→ **Given records**
=== Section Start ===
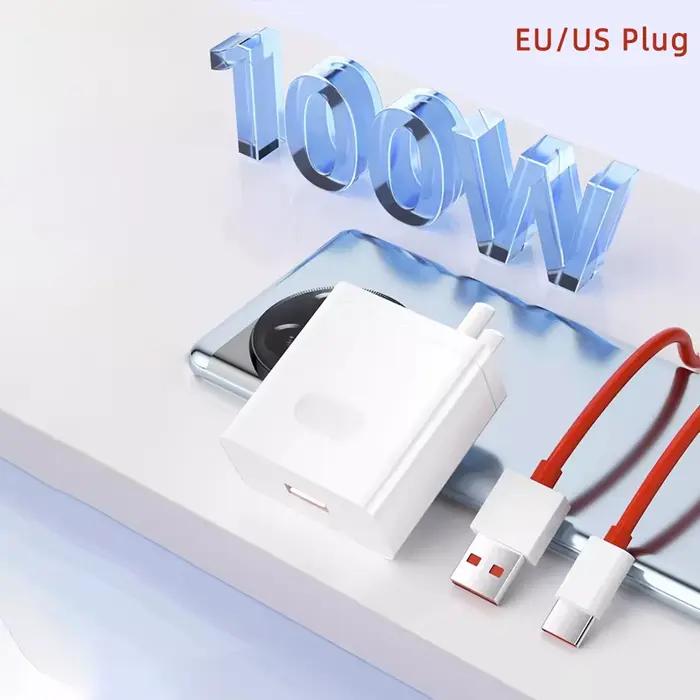 Pour chargeur OnePlus 100W SuperVOOC chargeurs rapides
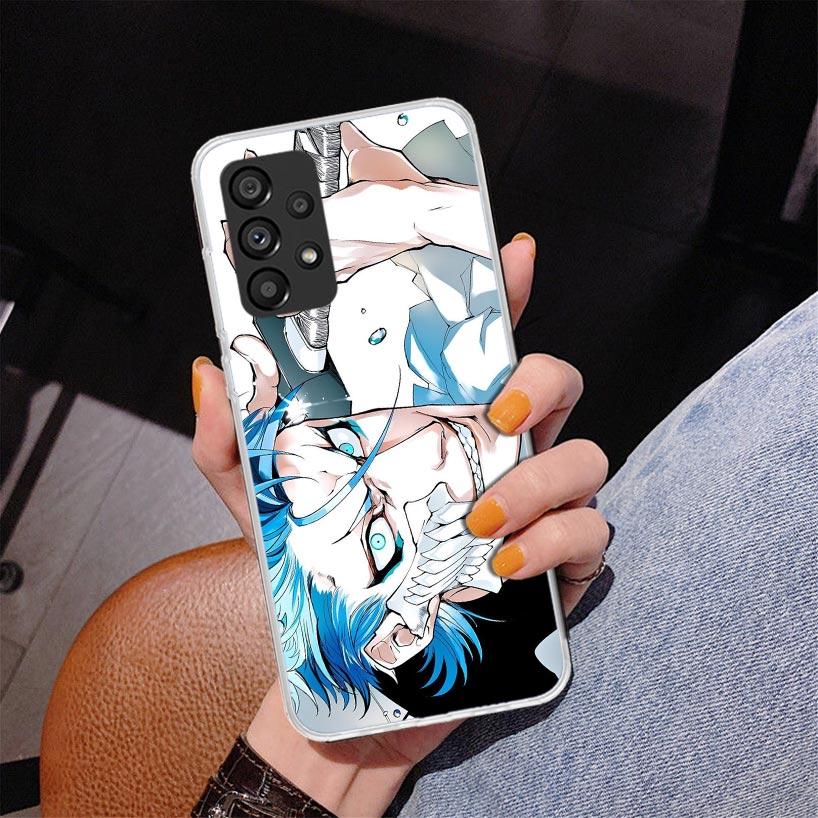 Grimmjow 6 Bleach Phone Case For Samsung Galaxy A52 A32 A22 A12 A51 A31 A50S A30S A20S A10S Note 20 Ultra 10 Plus S10 A72 A71 Ga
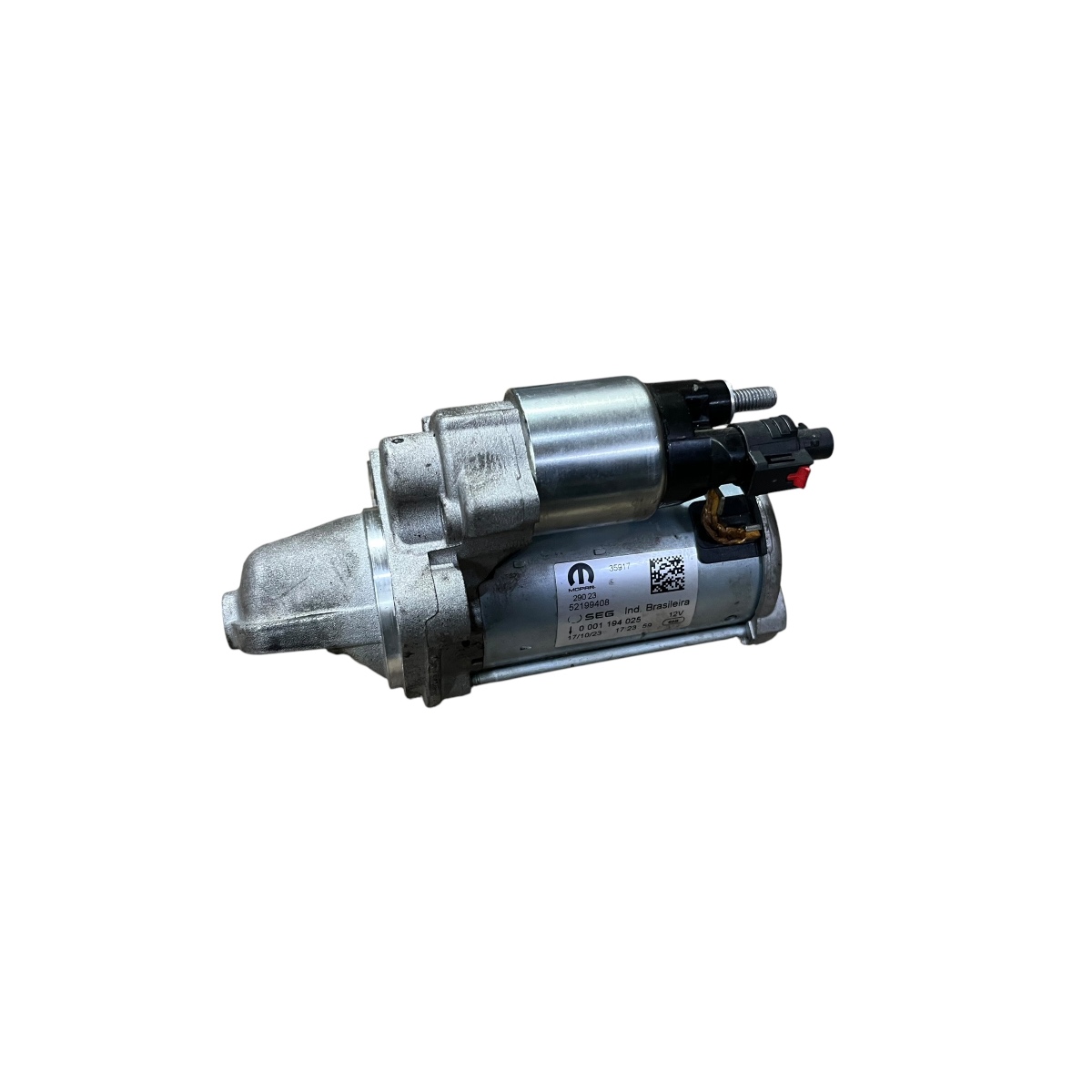 Motor De Arranque Fiat Pulse Fastback Uno 1.0 3cc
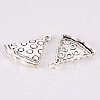 Tibetan Style Alloy Charms TIBE-N010-51AS-RS-2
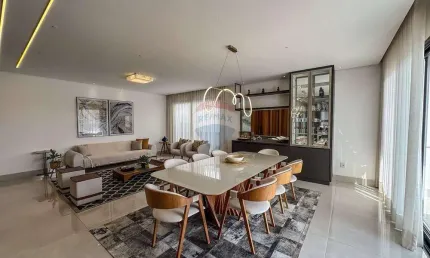 Casa de condomínio para venda em alphaville nova esplanada 4 de 377.43m² com 3 quartos e 3 suites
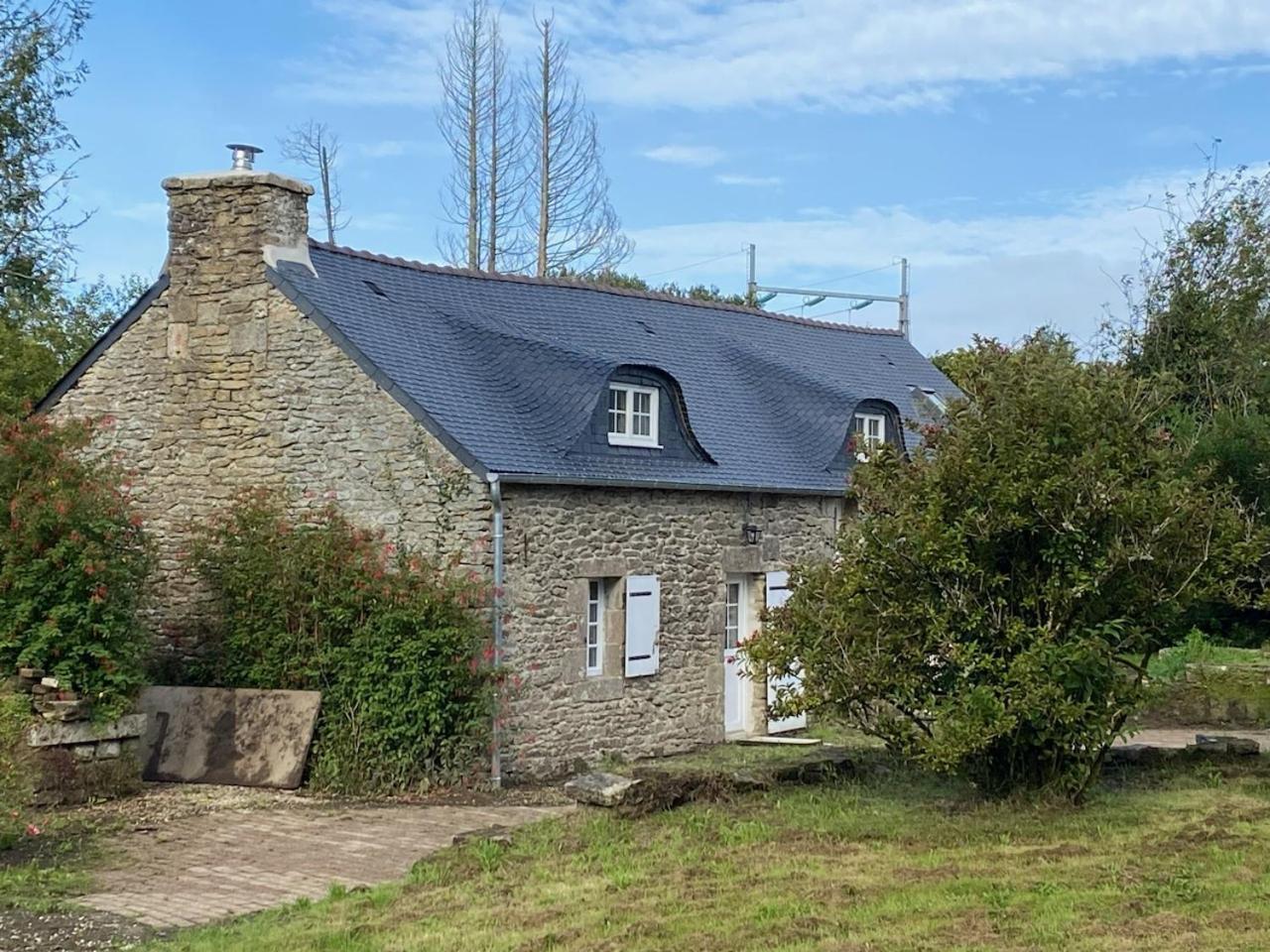 Vila Moulin De Kerstrat Brennilis Exteriér fotografie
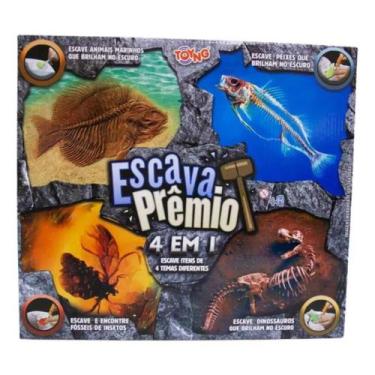 Imagem de Escava Prêmio 4 Em 1 - Toyng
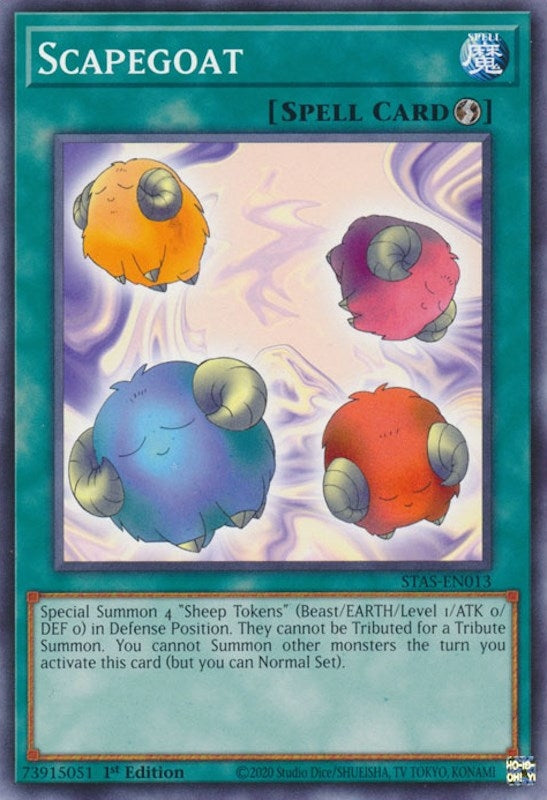 Image for Scapegoat (2-Player Starter Set) (STAS-EN013) - YuGiOh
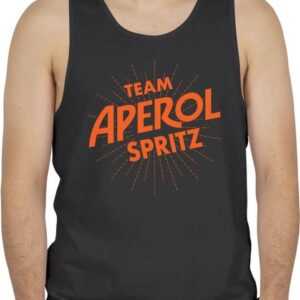 Shirtracer Tanktop Team Aperol Spritz JGA Mädelsabend Spritztour Aperol Geschenk Karneval & Fasching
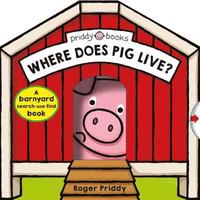 bokomslag Where Does Pig Live?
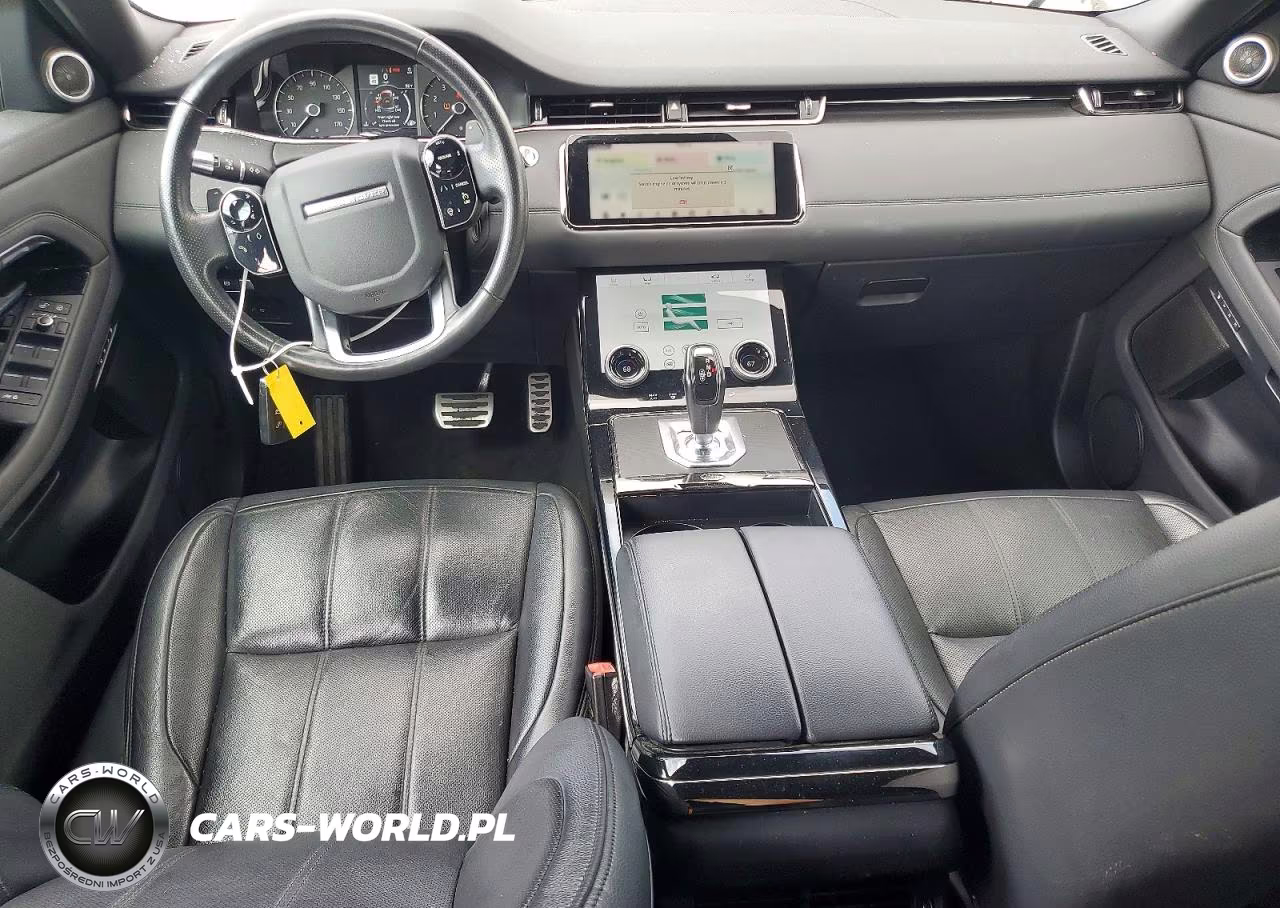 2020 Land Rover Range Rover Evoque S VIN:SALZT2GX7LH043679 - 8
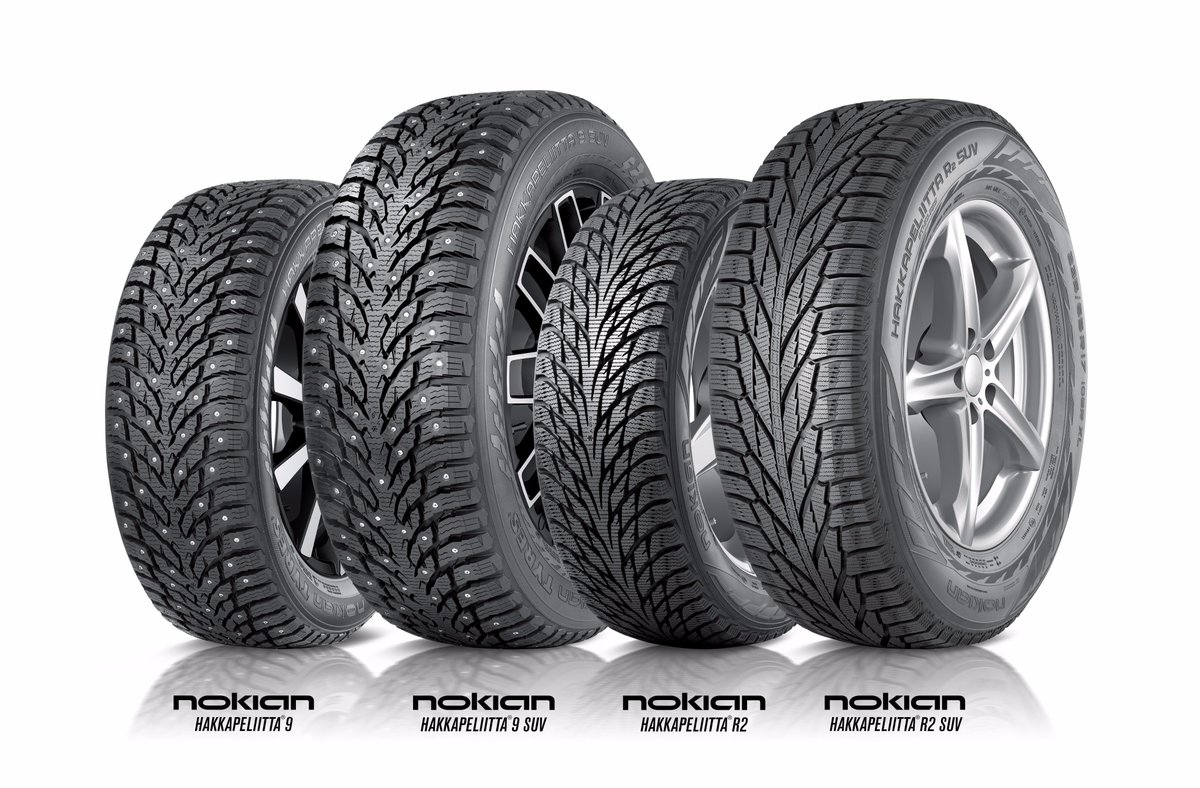 Heat up the roads with winter with Nokian Tyres Hakkapeliitta line up. bit....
=== Section End ===
→ **Brief**
Copy all of the entries verbatim, leaving out any pictures they contain.

→ **Answer to the problem**
 Pour chargeur OnePlus 100W SuperVOOC chargeurs rapides
 Grimmjow 6 Bleach Phone Case For Samsung Galaxy A52 A32 A22 A12 A51 A31 A50S A30S A20S A10S Note 20 Ultra 10 Plus S10 A72 A71 Ga
 Motor De Arranque Fiat Pulse Fastback Uno 1.0 3cc
 Tibetan Style Alloy Charms TIBE-N010-51AS-RS-2
 Casa de condomínio para venda em alphaville nova esplanada 4 de 377.43m² com 3 quartos e 3 suites
 Vila Moulin De Kerstrat Brennilis Exteriér fotografie
 Imagem de Escava Prêmio 4 Em 1 - Toyng
 Image for Scapegoat (2-Player Starter Set) (STAS-EN013) - YuGiOh
 Shirtracer Tanktop Team Aperol Spritz JGA Mädelsabend Spritztour Aperol Geschenk Karneval & Fasching
 bokomslag Where Does Pig Live?
 2020 Land Rover Range Rover Evoque S VIN:SALZT2GX7LH043679 - 8
 Heat up the roads with winter with Nokian Tyres Hakkapeliitta line up. bit....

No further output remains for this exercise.